Il disegno raffigurava una donna rubizza e sorridente, con tanti palloncini tenuti nella  mano destra. Nella mano sinistra una piccola borsetta. Sui fili di quei palloncini delle  scritte. Maud prese allora una lente di ingrandimento e fu sorpresa nel riconoscere dei  nomi in quelle scritte. Ventisette palloncini e ventisei nomi propri, femminili e maschili.  Il caffè nel frattempo si era raffreddato mentre Maud fantasticava su quell’immagine.  Il primo pensiero fu che quella donna potesse essere un’insegnante di scuola elementare e  che quei palloncini rappresentassero i bambini della sua classe. Forse un dono ricevuto a  fine anno scolastico.

Fu probabilmente quest’ultimo pensiero ad aprire un cassettino nella memoria di Maud.  Quella foto era stata un regalo ricevuto dalla figlia della proprietaria del piccolo hotel De  Zwaan, nell’immediata periferia di Amsterdam, dove avevano alloggiato circa dodici anni  prima durante uno dei loro viaggi. Quella bambina, di cui Maud non ricordava il nome, si  era affezionata a loro due in quei tre o forse quattro giorni di permanenza nella piccola  pensione, dopo che Bart le aveva recuperato l’aquilone, rimasto impigliato nella veranda  antistante l’ingresso del locale.  

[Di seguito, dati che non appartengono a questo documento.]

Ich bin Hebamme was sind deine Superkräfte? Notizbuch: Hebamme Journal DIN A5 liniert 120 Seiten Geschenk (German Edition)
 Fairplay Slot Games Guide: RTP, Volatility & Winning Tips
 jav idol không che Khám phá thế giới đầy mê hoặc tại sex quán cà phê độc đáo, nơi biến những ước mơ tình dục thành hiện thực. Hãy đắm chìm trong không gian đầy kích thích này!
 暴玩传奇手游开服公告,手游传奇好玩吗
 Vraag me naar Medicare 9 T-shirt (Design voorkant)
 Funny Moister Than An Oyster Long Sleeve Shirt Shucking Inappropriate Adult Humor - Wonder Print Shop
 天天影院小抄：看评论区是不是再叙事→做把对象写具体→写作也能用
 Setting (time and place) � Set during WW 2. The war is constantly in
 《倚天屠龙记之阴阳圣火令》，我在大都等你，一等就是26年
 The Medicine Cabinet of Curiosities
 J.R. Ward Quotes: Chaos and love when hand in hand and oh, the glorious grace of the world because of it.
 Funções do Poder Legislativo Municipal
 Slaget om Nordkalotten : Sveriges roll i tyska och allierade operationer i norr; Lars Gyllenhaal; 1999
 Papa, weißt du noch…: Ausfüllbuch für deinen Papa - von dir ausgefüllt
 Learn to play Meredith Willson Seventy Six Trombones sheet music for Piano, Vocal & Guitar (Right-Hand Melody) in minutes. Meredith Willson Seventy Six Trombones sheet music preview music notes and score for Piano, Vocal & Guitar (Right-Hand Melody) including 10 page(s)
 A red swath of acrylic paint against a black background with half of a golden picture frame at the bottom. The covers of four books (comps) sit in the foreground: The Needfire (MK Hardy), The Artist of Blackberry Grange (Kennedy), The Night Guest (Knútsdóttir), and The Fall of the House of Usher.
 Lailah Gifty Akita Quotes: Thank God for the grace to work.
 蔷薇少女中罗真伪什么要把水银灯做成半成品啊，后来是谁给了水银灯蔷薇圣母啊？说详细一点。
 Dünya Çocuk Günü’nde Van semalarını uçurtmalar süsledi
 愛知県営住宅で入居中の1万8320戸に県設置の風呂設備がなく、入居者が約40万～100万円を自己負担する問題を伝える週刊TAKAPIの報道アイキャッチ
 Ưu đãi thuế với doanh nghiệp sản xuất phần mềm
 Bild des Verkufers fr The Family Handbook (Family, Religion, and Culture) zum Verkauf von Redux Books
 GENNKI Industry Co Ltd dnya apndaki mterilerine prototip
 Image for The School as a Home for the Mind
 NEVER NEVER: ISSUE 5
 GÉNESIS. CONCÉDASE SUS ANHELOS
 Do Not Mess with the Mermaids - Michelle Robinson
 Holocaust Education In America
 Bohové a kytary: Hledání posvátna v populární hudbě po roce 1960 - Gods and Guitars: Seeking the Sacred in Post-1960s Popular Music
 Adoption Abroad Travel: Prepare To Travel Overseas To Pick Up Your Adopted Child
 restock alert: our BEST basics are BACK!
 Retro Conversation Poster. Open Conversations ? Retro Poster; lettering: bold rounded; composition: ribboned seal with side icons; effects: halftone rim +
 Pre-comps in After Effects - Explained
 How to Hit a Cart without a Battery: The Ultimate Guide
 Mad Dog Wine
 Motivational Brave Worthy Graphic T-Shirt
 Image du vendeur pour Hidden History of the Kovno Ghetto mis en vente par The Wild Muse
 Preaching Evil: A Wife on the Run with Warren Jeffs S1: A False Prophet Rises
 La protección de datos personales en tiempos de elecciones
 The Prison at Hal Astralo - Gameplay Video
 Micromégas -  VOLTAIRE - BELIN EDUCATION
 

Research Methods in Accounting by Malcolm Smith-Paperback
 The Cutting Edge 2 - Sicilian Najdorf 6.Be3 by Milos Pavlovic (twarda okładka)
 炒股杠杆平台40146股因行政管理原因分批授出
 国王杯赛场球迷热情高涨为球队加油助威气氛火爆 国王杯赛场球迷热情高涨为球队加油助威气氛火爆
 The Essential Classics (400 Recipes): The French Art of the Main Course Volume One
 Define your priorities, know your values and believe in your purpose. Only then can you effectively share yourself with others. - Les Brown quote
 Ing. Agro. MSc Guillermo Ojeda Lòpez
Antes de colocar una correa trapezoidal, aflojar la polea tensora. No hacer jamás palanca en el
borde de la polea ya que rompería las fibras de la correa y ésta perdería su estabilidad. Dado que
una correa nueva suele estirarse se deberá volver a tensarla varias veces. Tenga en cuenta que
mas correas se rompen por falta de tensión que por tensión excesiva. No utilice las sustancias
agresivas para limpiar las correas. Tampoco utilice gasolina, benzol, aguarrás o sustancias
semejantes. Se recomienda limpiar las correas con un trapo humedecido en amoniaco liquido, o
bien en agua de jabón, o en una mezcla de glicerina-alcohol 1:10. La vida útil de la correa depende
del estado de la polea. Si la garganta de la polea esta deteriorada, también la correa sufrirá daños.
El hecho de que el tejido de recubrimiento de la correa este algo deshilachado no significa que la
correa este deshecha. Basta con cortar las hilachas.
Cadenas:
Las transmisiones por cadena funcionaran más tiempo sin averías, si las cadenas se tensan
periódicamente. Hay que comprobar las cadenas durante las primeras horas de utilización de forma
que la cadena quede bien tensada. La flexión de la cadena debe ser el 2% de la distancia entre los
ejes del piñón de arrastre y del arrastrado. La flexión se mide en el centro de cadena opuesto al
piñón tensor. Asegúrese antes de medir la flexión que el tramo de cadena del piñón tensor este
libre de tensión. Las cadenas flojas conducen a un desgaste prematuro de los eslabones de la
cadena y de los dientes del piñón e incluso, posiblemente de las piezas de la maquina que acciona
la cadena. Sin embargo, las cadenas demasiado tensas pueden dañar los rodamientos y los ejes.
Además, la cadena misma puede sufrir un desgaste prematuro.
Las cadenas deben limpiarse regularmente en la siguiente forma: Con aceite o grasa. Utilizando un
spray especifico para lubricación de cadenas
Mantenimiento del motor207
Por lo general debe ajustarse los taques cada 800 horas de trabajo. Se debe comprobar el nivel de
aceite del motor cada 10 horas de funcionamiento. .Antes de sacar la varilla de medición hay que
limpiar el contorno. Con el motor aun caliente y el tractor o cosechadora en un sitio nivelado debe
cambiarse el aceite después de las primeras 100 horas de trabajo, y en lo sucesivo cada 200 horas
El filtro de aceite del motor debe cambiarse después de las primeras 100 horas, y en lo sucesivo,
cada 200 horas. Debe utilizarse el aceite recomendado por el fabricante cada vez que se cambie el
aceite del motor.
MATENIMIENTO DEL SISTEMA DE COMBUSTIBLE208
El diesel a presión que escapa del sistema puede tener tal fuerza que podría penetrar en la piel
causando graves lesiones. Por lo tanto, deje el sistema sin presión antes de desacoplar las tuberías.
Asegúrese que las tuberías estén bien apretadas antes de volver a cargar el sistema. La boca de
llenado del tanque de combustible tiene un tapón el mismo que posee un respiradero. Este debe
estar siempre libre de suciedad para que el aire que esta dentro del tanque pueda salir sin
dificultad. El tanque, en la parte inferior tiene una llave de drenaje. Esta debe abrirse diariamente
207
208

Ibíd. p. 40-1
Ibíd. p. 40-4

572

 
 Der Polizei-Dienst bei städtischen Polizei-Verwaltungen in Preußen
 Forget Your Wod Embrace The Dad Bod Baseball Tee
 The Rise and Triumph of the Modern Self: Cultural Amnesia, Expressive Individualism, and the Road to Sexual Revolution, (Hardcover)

La bambina, nel giorno della loro partenza, aveva posizionato sul tavolo della colazione  una busta di carta, legata con un sottile spago color indaco, contenente appunto quella  fotografia e un bulbo di tulipano, che però l’anno seguente si rivelò essere un narciso. Della foto non disse molto. Era un dono ricevuto da un’anziana signora che da anni  frequentava il loro hotel. Quella era solo una delle tante fotografie che la bambina aveva  ricevuto e collezionato nel tempo. Maud ricordò che la piccola aveva motivato la scelta  dicendo che siccome non aveva nessuna fotografia che raffigurasse un aquilone, quei  palloncini erano quanto di più simile potesse esprimere gratitudine, per la missione di  salvataggio messa in atto da Bart.  

Maud ricordò che, incuriosita, provò a chiedere alla madre chi fosse quella anziana signora  che regalava fotografie, ma la oste, quasi sorpresa dalla domanda, rispose sorridendo che  la figlia era nata “con la fotocamera in mano” oltre che con una fervida immaginazione.  Fu grazie al ritrovamento di quella fotografia sospesa nel tempo, che Maud poté iniziare a  ritessere i brandelli della sua vita. Era giunto il momento di rimettersi in cammino. Viaggiare di nuovo.  Recidere i fili di quei palloncini, lasciarli liberi, direzione Nord.